There is no way a user can know in advance that the course creators intend "you all" to be one single meaning block.


We USA Southerners know exactly what they are saying with "you all." We just shorten it to y'all, and it is always plural. We're just letting you know it's more than one "you."


I understand, accept and respect that that is what you (all) say in the southern states of America, and maybe elsewhere on the continent, to a degree. But it is not standard English. In most of the English-speaking world "you all" carries plural meaning, but with heavy emphasis. An example might be: "Are you all coming, or just you, Pete and Joe?" Internationally, "you all" is used in limited circumstances like this to different between the whole group and one or several members of it. It is not used as the automatic choice for plural you, and therefore when we see a sentence like "You all walk into the lararium" we automatically take it to mean Ad lararium omnes ambulatis (The whole lot of you walk to the lararium) - with heavy stress.

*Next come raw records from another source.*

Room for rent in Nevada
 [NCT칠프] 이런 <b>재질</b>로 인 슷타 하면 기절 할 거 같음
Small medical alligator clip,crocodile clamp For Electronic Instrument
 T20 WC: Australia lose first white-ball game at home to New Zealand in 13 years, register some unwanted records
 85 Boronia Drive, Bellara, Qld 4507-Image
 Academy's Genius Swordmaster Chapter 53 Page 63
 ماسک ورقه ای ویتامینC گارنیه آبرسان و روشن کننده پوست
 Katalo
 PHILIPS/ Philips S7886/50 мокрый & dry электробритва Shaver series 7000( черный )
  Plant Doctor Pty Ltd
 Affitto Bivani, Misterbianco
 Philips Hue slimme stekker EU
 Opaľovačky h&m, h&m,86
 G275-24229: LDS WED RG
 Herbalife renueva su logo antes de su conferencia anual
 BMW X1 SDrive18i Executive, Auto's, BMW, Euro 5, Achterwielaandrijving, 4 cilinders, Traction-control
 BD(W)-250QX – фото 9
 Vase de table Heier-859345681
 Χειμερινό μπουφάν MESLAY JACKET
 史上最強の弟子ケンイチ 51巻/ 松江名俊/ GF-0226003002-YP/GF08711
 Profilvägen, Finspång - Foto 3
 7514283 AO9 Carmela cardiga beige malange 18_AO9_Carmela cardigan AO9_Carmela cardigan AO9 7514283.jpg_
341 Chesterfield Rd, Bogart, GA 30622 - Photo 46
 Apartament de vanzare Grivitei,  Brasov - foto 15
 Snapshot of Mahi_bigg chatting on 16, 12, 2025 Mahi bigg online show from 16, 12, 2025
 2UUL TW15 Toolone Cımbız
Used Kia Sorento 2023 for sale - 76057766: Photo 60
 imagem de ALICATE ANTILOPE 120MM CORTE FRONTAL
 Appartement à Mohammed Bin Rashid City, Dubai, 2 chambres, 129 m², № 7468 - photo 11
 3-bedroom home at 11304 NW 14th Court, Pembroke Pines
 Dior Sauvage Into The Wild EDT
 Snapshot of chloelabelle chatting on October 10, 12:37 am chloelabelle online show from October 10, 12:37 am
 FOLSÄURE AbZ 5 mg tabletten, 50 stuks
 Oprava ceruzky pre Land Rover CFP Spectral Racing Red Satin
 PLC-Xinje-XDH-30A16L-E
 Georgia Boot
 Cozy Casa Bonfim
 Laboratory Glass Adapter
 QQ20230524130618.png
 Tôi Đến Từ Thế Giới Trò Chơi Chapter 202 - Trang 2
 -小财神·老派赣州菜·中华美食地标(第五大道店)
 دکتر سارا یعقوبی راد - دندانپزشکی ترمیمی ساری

Sean, you say "In most of the English-speaking world 'you all' carries plural meaning but with heavy emphasis." That is exactly how it is used in the South. It is never ever singular, although movies, plays, etc. like to portray it that way. And to Pete and Joe, we would say "both of you." But this is just a Latin lesson in how to use the plural "you."


I think it would be better to use a more standard English word than "lararium". I suggest "shrine". Of course that leaves out some shades of meaning, but that's often the price of translating rather than borrowing words.


Lararium is also an English word, as you are forced to use it if you want to describe a household altar that is specifically dedicated to the Lares gods, it's the name of this object in English.

If it's simply an household altar, in a modern world house, it can be translates with "household altar" or an equivalent.